● **Task input**
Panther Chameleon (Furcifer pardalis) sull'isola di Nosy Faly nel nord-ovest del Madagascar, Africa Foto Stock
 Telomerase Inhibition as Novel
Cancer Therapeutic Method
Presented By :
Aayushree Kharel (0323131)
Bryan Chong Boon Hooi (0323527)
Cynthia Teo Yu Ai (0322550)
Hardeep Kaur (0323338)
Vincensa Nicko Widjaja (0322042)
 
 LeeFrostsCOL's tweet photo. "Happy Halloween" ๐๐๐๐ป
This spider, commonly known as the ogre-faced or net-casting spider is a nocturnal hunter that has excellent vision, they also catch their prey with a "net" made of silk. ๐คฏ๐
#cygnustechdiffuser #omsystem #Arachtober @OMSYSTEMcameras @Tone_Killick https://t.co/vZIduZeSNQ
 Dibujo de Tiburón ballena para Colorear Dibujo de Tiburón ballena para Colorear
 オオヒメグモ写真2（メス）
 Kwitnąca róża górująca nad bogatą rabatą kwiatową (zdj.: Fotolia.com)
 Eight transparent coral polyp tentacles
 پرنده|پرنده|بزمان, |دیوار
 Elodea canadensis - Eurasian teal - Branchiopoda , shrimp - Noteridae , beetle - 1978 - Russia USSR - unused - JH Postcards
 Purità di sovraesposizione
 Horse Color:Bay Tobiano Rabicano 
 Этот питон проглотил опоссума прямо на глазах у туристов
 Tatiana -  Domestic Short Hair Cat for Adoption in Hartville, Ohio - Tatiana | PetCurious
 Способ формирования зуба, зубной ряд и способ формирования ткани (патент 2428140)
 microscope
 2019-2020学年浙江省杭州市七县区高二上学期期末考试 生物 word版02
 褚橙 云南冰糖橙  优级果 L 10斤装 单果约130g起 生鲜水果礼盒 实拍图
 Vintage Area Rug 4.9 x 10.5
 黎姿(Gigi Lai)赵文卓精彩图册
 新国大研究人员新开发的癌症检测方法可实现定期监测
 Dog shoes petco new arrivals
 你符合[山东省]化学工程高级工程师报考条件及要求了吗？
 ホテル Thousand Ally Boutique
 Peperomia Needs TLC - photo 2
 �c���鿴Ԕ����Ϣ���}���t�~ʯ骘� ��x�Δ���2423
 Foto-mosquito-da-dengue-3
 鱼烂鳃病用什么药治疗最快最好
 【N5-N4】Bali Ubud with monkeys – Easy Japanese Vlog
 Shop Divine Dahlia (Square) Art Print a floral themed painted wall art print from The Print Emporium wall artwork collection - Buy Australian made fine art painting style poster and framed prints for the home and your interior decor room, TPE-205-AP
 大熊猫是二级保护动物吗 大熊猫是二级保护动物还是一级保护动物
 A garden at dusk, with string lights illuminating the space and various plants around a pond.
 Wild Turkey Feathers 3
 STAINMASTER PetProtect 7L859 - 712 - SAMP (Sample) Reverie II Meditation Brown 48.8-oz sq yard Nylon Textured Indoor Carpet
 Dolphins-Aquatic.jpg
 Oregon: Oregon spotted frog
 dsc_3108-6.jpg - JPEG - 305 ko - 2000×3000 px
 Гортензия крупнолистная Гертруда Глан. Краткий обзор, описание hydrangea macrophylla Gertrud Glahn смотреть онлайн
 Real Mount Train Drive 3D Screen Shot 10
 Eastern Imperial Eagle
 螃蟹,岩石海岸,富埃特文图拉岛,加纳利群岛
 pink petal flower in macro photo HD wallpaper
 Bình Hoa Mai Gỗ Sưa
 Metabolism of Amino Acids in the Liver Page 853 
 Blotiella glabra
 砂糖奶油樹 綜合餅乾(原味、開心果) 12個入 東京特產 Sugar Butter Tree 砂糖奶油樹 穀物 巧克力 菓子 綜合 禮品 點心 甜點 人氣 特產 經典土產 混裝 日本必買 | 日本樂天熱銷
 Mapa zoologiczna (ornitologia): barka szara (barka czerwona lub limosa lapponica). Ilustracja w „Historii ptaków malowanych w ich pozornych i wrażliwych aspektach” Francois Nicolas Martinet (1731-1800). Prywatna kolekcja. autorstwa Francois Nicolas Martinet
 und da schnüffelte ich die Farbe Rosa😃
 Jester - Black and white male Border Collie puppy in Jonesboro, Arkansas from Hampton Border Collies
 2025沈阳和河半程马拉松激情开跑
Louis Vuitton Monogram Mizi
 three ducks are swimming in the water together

● **Task brief**
Give back the material above exactly as it was given.

● **Completed task**
Panther Chameleon (Furcifer pardalis) sull'isola di Nosy Faly nel nord-ovest del Madagascar, Africa Foto Stock
 Telomerase Inhibition as Novel
Cancer Therapeutic Method
Presented By :
Aayushree Kharel (0323131)
Bryan Chong Boon Hooi (0323527)
Cynthia Teo Yu Ai (0322550)
Hardeep Kaur (0323338)
Vincensa Nicko Widjaja (0322042)
 
 LeeFrostsCOL's tweet photo. "Happy Halloween" ๐๐๐๐ป
This spider, commonly known as the ogre-faced or net-casting spider is a nocturnal hunter that has excellent vision, they also catch their prey with a "net" made of silk. ๐คฏ๐
#cygnustechdiffuser #omsystem #Arachtober @OMSYSTEMcameras @Tone_Killick https://t.co/vZIduZeSNQ
 Dibujo de Tiburón ballena para Colorear Dibujo de Tiburón ballena para Colorear
 オオヒメグモ写真2（メス）
 Kwitnąca róża górująca nad bogatą rabatą kwiatową (zdj.: Fotolia.com)
 Eight transparent coral polyp tentacles
 پرنده|پرنده|بزمان, |دیوار
 Elodea canadensis - Eurasian teal - Branchiopoda , shrimp - Noteridae , beetle - 1978 - Russia USSR - unused - JH Postcards
 Purità di sovraesposizione
 Horse Color:Bay Tobiano Rabicano 
 Этот питон проглотил опоссума прямо на глазах у туристов
 Tatiana -  Domestic Short Hair Cat for Adoption in Hartville, Ohio - Tatiana | PetCurious
 Способ формирования зуба, зубной ряд и способ формирования ткани (патент 2428140)
 microscope
 2019-2020学年浙江省杭州市七县区高二上学期期末考试 生物 word版02
 褚橙 云南冰糖橙  优级果 L 10斤装 单果约130g起 生鲜水果礼盒 实拍图
 Vintage Area Rug 4.9 x 10.5
 黎姿(Gigi Lai)赵文卓精彩图册
 新国大研究人员新开发的癌症检测方法可实现定期监测
 Dog shoes petco new arrivals
 你符合[山东省]化学工程高级工程师报考条件及要求了吗？
 ホテル Thousand Ally Boutique
 Peperomia Needs TLC - photo 2
 �c���鿴Ԕ����Ϣ���}���t�~ʯ骘� ��x�Δ���2423
 Foto-mosquito-da-dengue-3
 鱼烂鳃病用什么药治疗最快最好
 【N5-N4】Bali Ubud with monkeys – Easy Japanese Vlog
 Shop Divine Dahlia (Square) Art Print a floral themed painted wall art print from The Print Emporium wall artwork collection - Buy Australian made fine art painting style poster and framed prints for the home and your interior decor room, TPE-205-AP
 大熊猫是二级保护动物吗 大熊猫是二级保护动物还是一级保护动物
 A garden at dusk, with string lights illuminating the space and various plants around a pond.
 Wild Turkey Feathers 3
 STAINMASTER PetProtect 7L859 - 712 - SAMP (Sample) Reverie II Meditation Brown 48.8-oz sq yard Nylon Textured Indoor Carpet
 Dolphins-Aquatic.jpg
 Oregon: Oregon spotted frog
 dsc_3108-6.jpg - JPEG - 305 ko - 2000×3000 px
 Гортензия крупнолистная Гертруда Глан. Краткий обзор, описание hydrangea macrophylla Gertrud Glahn смотреть онлайн
 Real Mount Train Drive 3D Screen Shot 10
 Eastern Imperial Eagle
 螃蟹,岩石海岸,富埃特文图拉岛,加纳利群岛
 pink petal flower in macro photo HD wallpaper
 Bình Hoa Mai Gỗ Sưa
 Metabolism of Amino Acids in the Liver Page 853 
 Blotiella glabra
 砂糖奶油樹 綜合餅乾(原味、開心果) 12個入 東京特產 Sugar Butter Tree 砂糖奶油樹 穀物 巧克力 菓子 綜合 禮品 點心 甜點 人氣 特產 經典土產 混裝 日本必買 | 日本樂天熱銷
 Mapa zoologiczna (ornitologia): barka szara (barka czerwona lub limosa lapponica). Ilustracja w „Historii ptaków malowanych w ich pozornych i wrażliwych aspektach” Francois Nicolas Martinet (1731-1800). Prywatna kolekcja. autorstwa Francois Nicolas Martinet
 und da schnüffelte ich die Farbe Rosa😃
 Jester - Black and white male Border Collie puppy in Jonesboro, Arkansas from Hampton Border Collies
 2025沈阳和河半程马拉松激情开跑
Louis Vuitton Monogram Mizi
 three ducks are swimming in the water together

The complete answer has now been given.